Do we think the United Church of Christ is MORE willing to take Jewish
criticism of them and Jewish defense of Israel more seriously after the tack
the JCRC did actually take than if they had taken the tack I'm describing?
Do we think that Jewish boycotts and denunciations can forever frighten Jews
and other Americans into silence?
When will Jewish centrists tell groups like the David Project and David
Horowitz' Front Page and "Islamofascism Awareness Week" and people like
Norman Podhoretz with his bloodthirsty calls to bomb Iran to get lost,
instead of letting them drive Jewish fear into rage and unnecessary
conflict?
When will Jewish centrists take a deep breath and decide -- instead of
retreating to the past out of sheer fear in the world earthquake -- to move
forward, , to realize that the other communities are also suffering in the
earthquake and reach out to make new connections and create new
possibilities?
In Boston, the leadership of Old South Church will be meeting this week with
the Jewish officials. Thank God! (and I mean that.) May both take a deep
breath from the Breath of Life and rethink how to strengthen, not shred, the
threads of connection not only between Jews and Christians but also with
Muslims as well. (Buying Jewish-Christian amity at the price of war with
Islam would be the devil's bargain, and many deaths would seal the deal.)
I hope that a new effort at dialogue among ALL THREE of the Abrahamic traditions can come out of that meeting.
And more than dialogue. As I also said at the church, the human race is facing a supercrisis in the danger of global climate disaster. EVERY scrap of wisdom on the planet is going to be necessary to limit the damage and provide a decent earth to our grandchildren, not only for the sake of "earth" but for the sake of a decent human life.

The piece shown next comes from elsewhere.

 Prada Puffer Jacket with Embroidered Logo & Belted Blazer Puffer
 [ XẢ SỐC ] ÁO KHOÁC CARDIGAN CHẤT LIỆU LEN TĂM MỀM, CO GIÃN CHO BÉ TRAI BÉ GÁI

No one of our traditions has yet bent anything like enough of our energy to deal with this profound concern. I urge, I plead, that when you meet this week, that be one of the concerns you address. It could be the grounding on which all three traditions can ACT together. And working together on that could open up new possibilities of hearing each other better in other areas.
Let us not only pray but act in accord with the way some of us nowadays
chant the last line of the Kaddish (as we all did at the end of my talk at
Old South):
Oseh Shalom bi'm'romav, hu ya'aseh shalom aleinu v'al kol yisrael v'al kol
yishmael v'al kol yoshvei tevel -- v'imru: Amein.
You who make harmony in the ultimate reaches of the universe,
teach us to make harmony within ourselves, among ourselves --
and peace for the children of Israel; for the children of Ishmael; and for
all who dwell upon this planet.
And let us say: Ahmein, Amen, Ahmin.